You will not get your $500 tax deduction, and you’ll have to go through the hassle and spent time selling the car yourself, but you’ll walk away with a bit more money. The exceptions to this are if you are in a very high tax bracket, or if you can leap the hurdles the IRS sets up for getting more than a $500 tax deduction. See our other articles for more information about that.
So let’s assume selling your car is a bit better than donating it – just from a financial perspective. But maybe your decision on whether or not to donate your car is about a bit more than money. If it is, then you’ll want to know what you “get” for donating the car, even if its not you that’s really getting anything more than knowledge of what your donation means.
So what does your donation mean? It depends on two different scenarios. In the first and most common scenario of car donation, the charity you give to will bring your car to an auctioneer. Your car will be sold at auction to the highest bidder, the car auctioneer will take his cut, and whatever is leftover goes in a check to the charity. Its up to you to decide how much it means for that charity to get that check. Keep in mind that what the charity actually gets may be considerably less than even the Blue Book value of the car you gave them. Expecting them to get about a $300 net donation is usually about right. If you feel really strongly about the work the charity does, maybe that’s a good deal. A lot of people have pointed out, though, that if you really wanted to get maximum dollars to the charity, you’d sell the car yourself for the best price you could get for it, and then donate that whole sum directly to the charity. And this is true. Giving them the car just gets it out of your driveway faster.

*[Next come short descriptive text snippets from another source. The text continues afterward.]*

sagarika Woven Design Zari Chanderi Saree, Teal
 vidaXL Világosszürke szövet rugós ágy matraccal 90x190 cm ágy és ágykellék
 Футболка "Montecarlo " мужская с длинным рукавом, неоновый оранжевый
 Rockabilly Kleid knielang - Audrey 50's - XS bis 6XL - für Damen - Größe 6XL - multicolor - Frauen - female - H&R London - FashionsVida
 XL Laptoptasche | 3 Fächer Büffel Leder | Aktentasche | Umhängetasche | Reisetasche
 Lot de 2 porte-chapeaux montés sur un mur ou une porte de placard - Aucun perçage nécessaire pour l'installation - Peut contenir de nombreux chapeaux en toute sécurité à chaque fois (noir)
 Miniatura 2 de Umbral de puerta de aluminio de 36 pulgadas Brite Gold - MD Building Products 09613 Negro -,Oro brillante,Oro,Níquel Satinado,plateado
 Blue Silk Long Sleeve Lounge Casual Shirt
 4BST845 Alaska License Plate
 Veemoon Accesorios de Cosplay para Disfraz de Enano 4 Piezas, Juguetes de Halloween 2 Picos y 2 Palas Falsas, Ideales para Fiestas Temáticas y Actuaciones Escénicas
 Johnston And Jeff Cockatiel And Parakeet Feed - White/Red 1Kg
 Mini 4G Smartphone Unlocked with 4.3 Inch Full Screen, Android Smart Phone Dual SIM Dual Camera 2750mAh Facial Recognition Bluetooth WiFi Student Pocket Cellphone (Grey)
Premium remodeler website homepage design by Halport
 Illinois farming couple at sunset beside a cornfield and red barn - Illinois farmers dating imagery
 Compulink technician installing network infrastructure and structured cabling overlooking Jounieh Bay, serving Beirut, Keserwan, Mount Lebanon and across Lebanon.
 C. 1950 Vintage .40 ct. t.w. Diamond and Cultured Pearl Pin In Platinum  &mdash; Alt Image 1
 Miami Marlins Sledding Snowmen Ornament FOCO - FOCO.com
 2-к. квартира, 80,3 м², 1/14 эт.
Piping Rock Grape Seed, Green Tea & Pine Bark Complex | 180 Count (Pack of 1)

The second scenario has much more powerful results. Some charities (not many, you’ll have to hunt for them) do not sell the cars they get at auction. They actually use the car, or they give it directly to a real person who needs a car. This is the scenario where your car donation really comes to mean a lot more than just dollars and cents. To get a sense of what it means, consider giving up having any access to a car for the next month. That would mess up your life and your agenda quite a bit, wouldn’t it? That’s what the people who would be getting your car have been dealing with. They have to do favors for rides from friends, use up an extra 2-3 hours a day using public transportation, and generally work their life around being able to get from place to place.
For a lot of single moms on welfare, having or not having a car is the difference between staying on welfare or getting a job. With the car, the equation changes so its worth it to get a job, but without the car, the transportation costs, the time lost, the childcare and all the other hidden factors make it financially better to stay on welfare. And that’s just one scenario. Injured veterans are another huge group of people who need these donated cars. The difference your car can make to them may mean $200 less for you just in financial terms, but knowing how much a difference your car is making in someone’s life might be worth way more than $200 to you.